The products of The Graph are also rapidly evolving in the wave of AI. The AutoAgora, Allocation Optimizer, and AgentC tools developed by Semiotic Labs enhance the performance of the ecosystem in various aspects. The application of these tools allows The Graph to further improve the intelligence and user-friendliness of the system with AI assistance.
3.2 Chainbase
Chainbase is a full-chain data network that integrates all Blockchain data into one platform, making it easier for developers to build and maintain applications. Its unique features include:
Chainbase's AI model Theia is a key highlight that distinguishes it from other data service protocols. Theia is based on the DORA model developed by NVIDIA, which combines on-chain and off-chain data along with spatiotemporal activities to learn and analyze encryption patterns, respond through causal reasoning, and deeply mine the potential value and patterns of on-chain data, providing users with more intelligent data services.
3.3 Space and Time
Space and Time (SxT) aims to create a verifiable computing layer that expands zero-knowledge proofs on decentralized data warehouses, providing trusted data processing for smart contracts, large language models, and enterprises.
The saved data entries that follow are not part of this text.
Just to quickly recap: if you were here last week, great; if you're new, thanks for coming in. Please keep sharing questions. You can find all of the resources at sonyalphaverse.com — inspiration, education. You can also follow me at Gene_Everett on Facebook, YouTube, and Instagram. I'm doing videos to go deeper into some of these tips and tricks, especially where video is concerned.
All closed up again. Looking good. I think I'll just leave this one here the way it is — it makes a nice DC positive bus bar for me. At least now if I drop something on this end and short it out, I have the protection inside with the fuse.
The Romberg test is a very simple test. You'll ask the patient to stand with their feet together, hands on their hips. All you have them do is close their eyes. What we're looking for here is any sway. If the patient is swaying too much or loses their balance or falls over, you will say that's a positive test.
SxT introduces Proof of SQL technology, an innovative zero-knowledge proof technique that ensures SQL queries executed on decentralized data warehouses are tamper-proof and verifiable. Proof of SQL generates cryptographic proofs that verify the integrity and accuracy of query results, allowing any verifier to independently confirm that the data has not been tampered with during processing.
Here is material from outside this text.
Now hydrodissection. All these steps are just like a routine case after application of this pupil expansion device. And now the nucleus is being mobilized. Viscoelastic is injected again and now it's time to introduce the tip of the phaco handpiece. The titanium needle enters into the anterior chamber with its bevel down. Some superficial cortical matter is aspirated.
SxT has been closely collaborating with Microsoft's AI Innovation Lab to accelerate the development of generative AI tools, making it easier for users to process blockchain data through natural language. In Space and Time Studio, users can experience entering natural language queries, which the AI will automatically convert into SQL and execute the query statement, presenting the final results the user needs.
Conclusion and Outlook
Blockchain data indexing technology has evolved from the initial node data sources, through the development of data parsing and indexers, to ultimately becoming AI-powered full-chain data services, undergoing a process of gradual improvement. The continuous evolution of these technologies has not only increased the efficiency and accuracy of data access but also provided users with an unprecedented intelligent experience.
Looking ahead, with the continuous development of new technologies such as AI and zero-knowledge proofs, blockchain data services will become further intelligent and secure. As an essential infrastructure, blockchain data services will continue to play a vital role, providing strong support for the progress and innovation of the industry.